- _PROBLEM TO WORK ON_: Return the full listing unchanged, excluding any images it contains.

(Beginning of COLLECTED DATA)

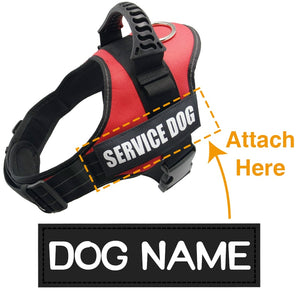 Custom Velcro Label For Dog Harness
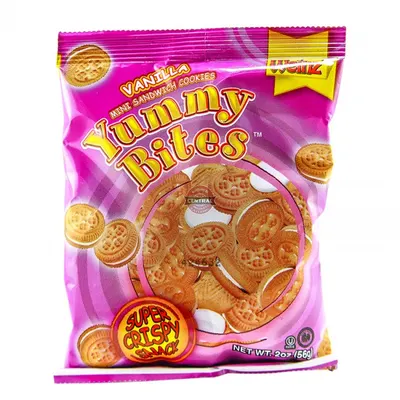 Yummy Bites Vanilla Sandwich Cookies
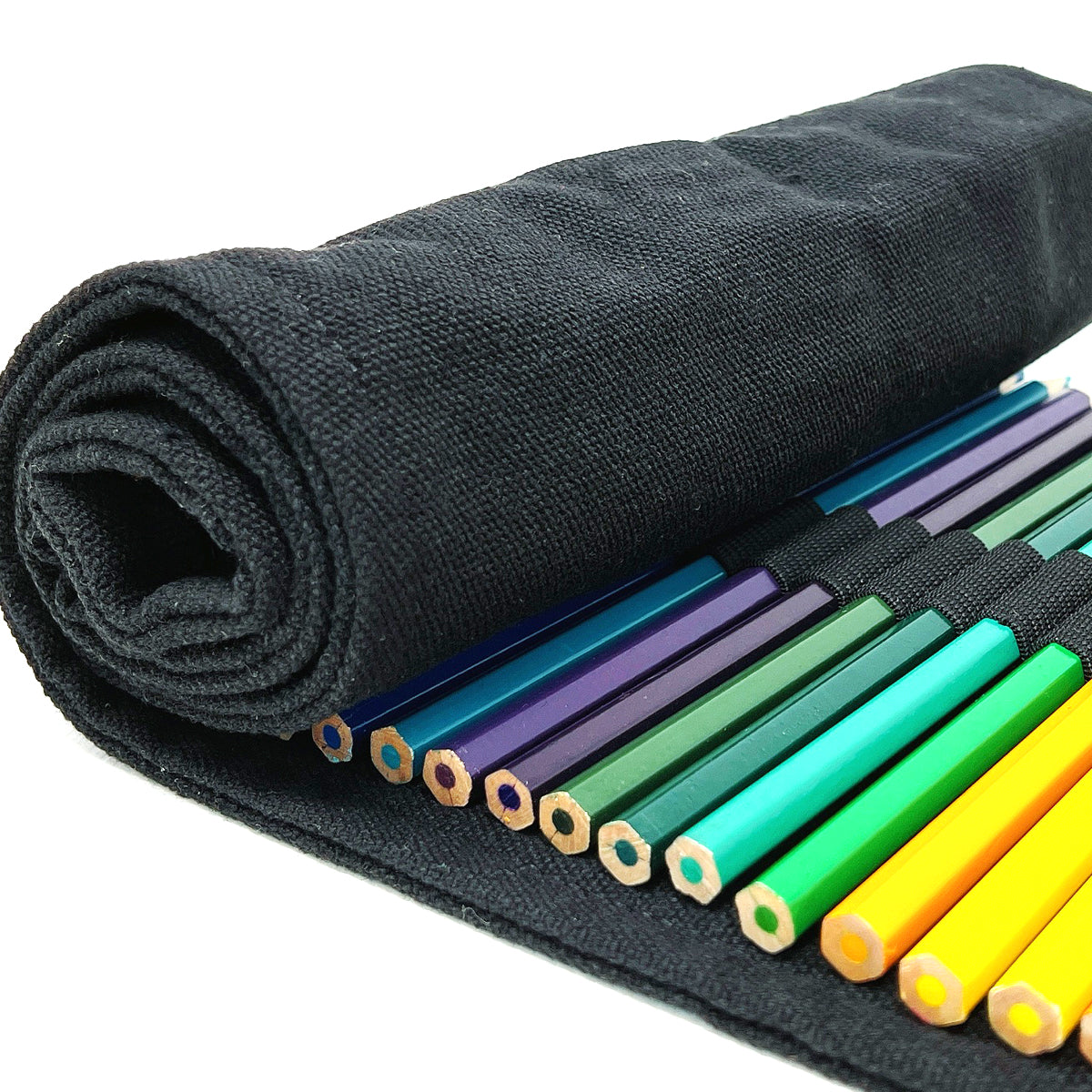 Gray Pencil Roll Wrap, Canvas Stationery Roll Up Pencil Case 72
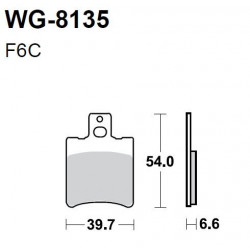 Scheibenbremsbeläge Vorne WRP - WG-8135-F6C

(End of COLLECTED DATA)

- _OUTPUT BELOW_:
 Custom Velcro Label For Dog Harness
 Yummy Bites Vanilla Sandwich Cookies
 Gray Pencil Roll Wrap, Canvas Stationery Roll Up Pencil Case 72
 Scheibenbremsbeläge Vorne WRP - WG-8135-F6C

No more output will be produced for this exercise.